Loos, as Le Corbusier remarked, “…swept the path before us.  It was a Homeric cleansing: precise, philosophical, logical.  He has influenced the architectural destiny of us all.”  From Vienna to Paris, Loos waged war on architectural eclecticism and the baroque assemblage of meaningless ornamentation torn from its original context and piled into a mass of decoration.  Clearly, architecture in the nineteenth century was mired in the past and it was the task of modern architects to define modernist architecture. Van Doesburg had long been concerned with relationship between painting and architecture.

“When everything has been expressed on the present level of painting, new aesthetic potential will emerge therefrom for extending the scope of expressive possibilities,” he stated and continued, “…a monumental cooperative art is what the future holds.  In this new form, various spiritual means of expression (architecture, sculpture, painting, music and literature) will be universally realized…”
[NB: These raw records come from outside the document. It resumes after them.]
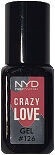 Лак для ногтей NYD Professional Crazy Love 126, 10 г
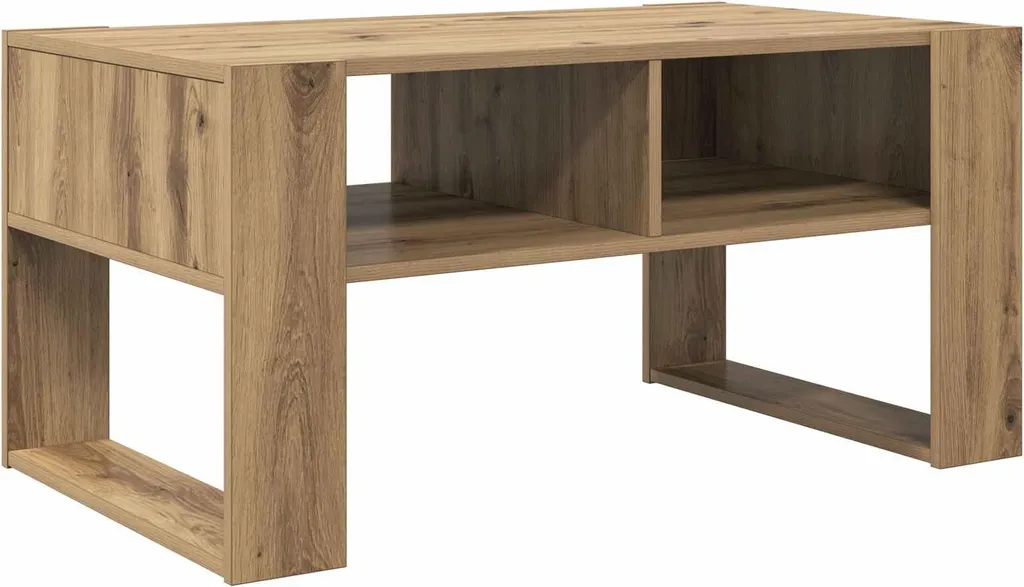 Tavolino Artisan Rovere 92x53x45 cm | Mobile Soggiorno in Legno Massiccio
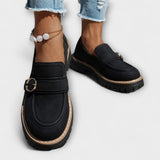 Lora™ | Casual mokasini s krožno konico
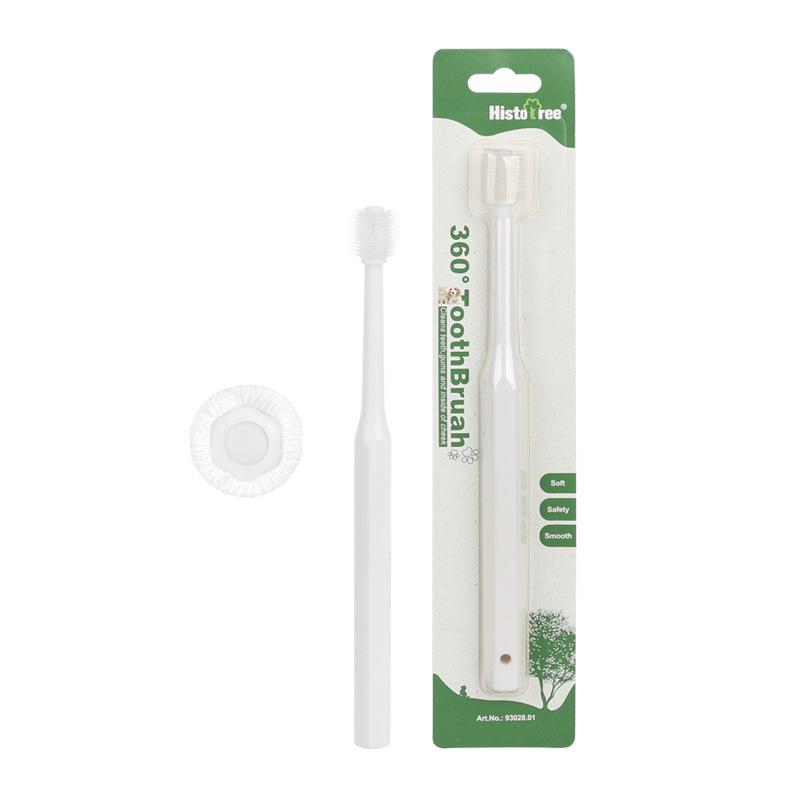360° Pet Toothbrush for Cats & Dogs: Oral Cleaning Supplies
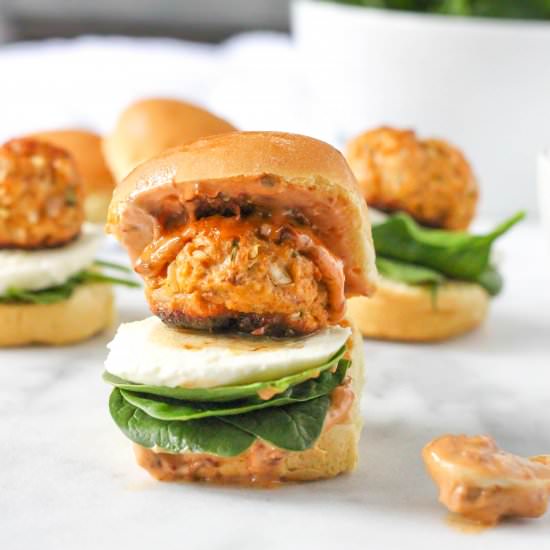 Chicken Meatball Sliders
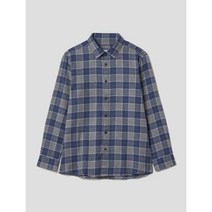 로가디스 로가디스 CANCLINI 스카이 블루 기모 체크 셔츠 RY2864P38Q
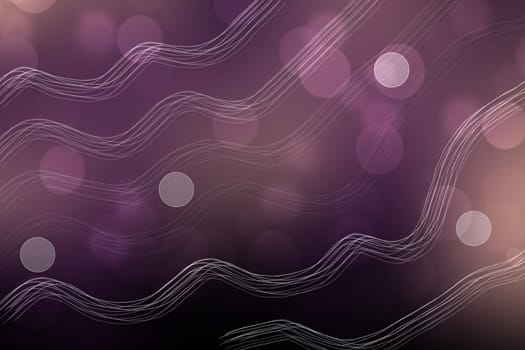 Abstract bright waves on gradient violet brown background. Beautiful waves texture for presentation, website element, advertising, business card or event flyer.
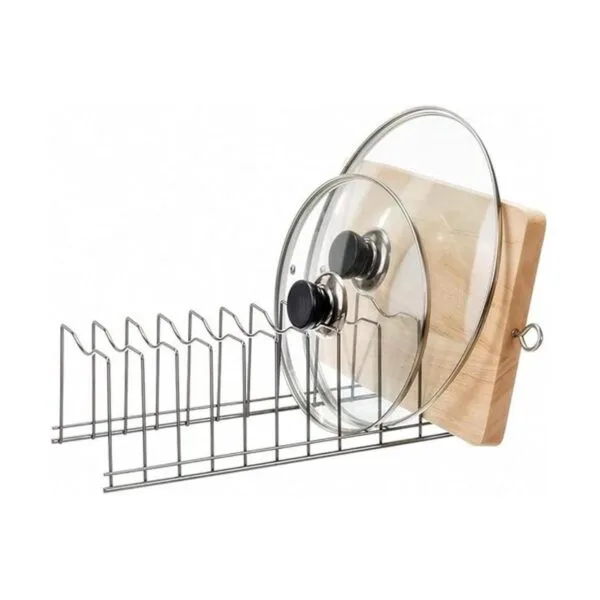 SANNO Organizador de tapa de olla soporte para tapa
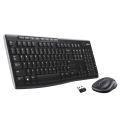 Logitech MK270 Wireless Keyboard and Mouse Combo for Windows, 2.4 GHz Wireless, Compact Wireless Mouse, 8 Multimedia & Shortcut Keys, 2-Year Battery Life, PC/Laptop - Black. 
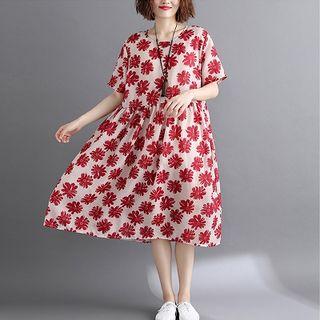 Midi Print Dress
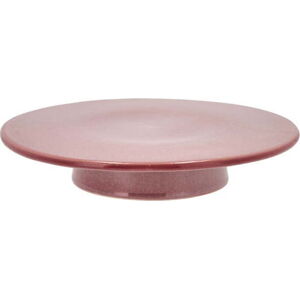 Světle růžový kameninový podnos na dort Bitz, ø 30 cm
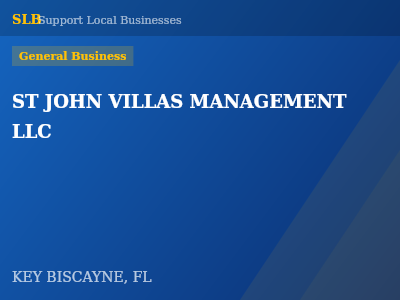 ST JOHN VILLAS MANAGEMENT LLC — General Business in KEY BISCAYNE, FL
While Van Der Leek rejected any such connection between painting and architecture, the idea of applying absolutism to both art forms seems logical.  In fact, although he insisted that painting had to be an independent medium, Mondrian could envision that with NeoPlasticism “…the abstract real…or picture will disappear as son as we transfer its plastic beauty to the space around us through the organization of the room into color areas…” Van der Leek made the distinction between the powers of NeoPlaticism in painting to dissolve the materiality of “naturalism” and architecture, which was characterized by “the space-restricting flatness…” Without debating whether or not the characteristics of the De Stijl style could be applied to architecture or not, it is more helpful to understand that the artists were trying to create a new form of architecture for a new world.

Like Adolf Loos, who had traveled to New York, the De Stijl architects were impacted by architecture in America, a new country that was erecting new kinds of buildings. Some of the architects associated with De Stijl were followers of Frank Lloyd Wright. Anti-monumental anti-ornamental architecture had to be in keeping with character of city streets and new building materials, both of which were geometric for the sake of efficiency.  Architects such as Van’t Hoff were inspired by the work of Frank Lloyd Wright in America.  In fact, Robert van’ t Hoff had worked for Wright and his Huis-ter-Heide, in its turn, inspired Gerrit Rietveld. Wright’s Prairie Style of flat roofs over long low structures seemed especially suitable for the flat landscapes of Holland.  But, most importantly, Wright opened up the closed spaces of the Victorian structure into what is called today “the open plan.”  He also made sure that his early work was responsive to the surroundings and this is where Wright and De Stijl would ultimately separate.  De Stijl sought, not the local, but the absolute, and its buildings make no concession to their environment.

As architect J.P.P. Oud said, “Though the importance of a work of art can only be judged from an absolute point of view, the significance of an act can only be appreciated according to a relative standard.”  For his part, Oud proposed use of mass production for limited number of standard types that would be a new urban architecture with a “form follows function” philosophy.  However, the most famous De Stijl work of architecture was the well-known Schröder House by cabinetmaker Gerrit Rietveld, and this home was thoroughly individual.  Still, the Schroder House uses certain elements of mass architecture to its advantage: reinforced concrete over steel.  Rietveld collaborated with his client, Madame Truus Schöder-Schrader and completed her Utrecht home in 1924.  Thanks to modern construction, this house could fulfill van Doesburg’s 1924 Manifesto on architecture, demanding the “elementary, economic, functional, formless, unmonumental, asymmetry, afrontality, and anti-decorative.”  According to van Doesburg,

“The new architecture has broken through the wall and in so doing has completely eliminated the divorce of inside and out.  The walls are non-load-bearing; they are reduced to points of support.  And as a result there is generated a new open plan, totally different from the classic because inside and outside space interpenetrate.”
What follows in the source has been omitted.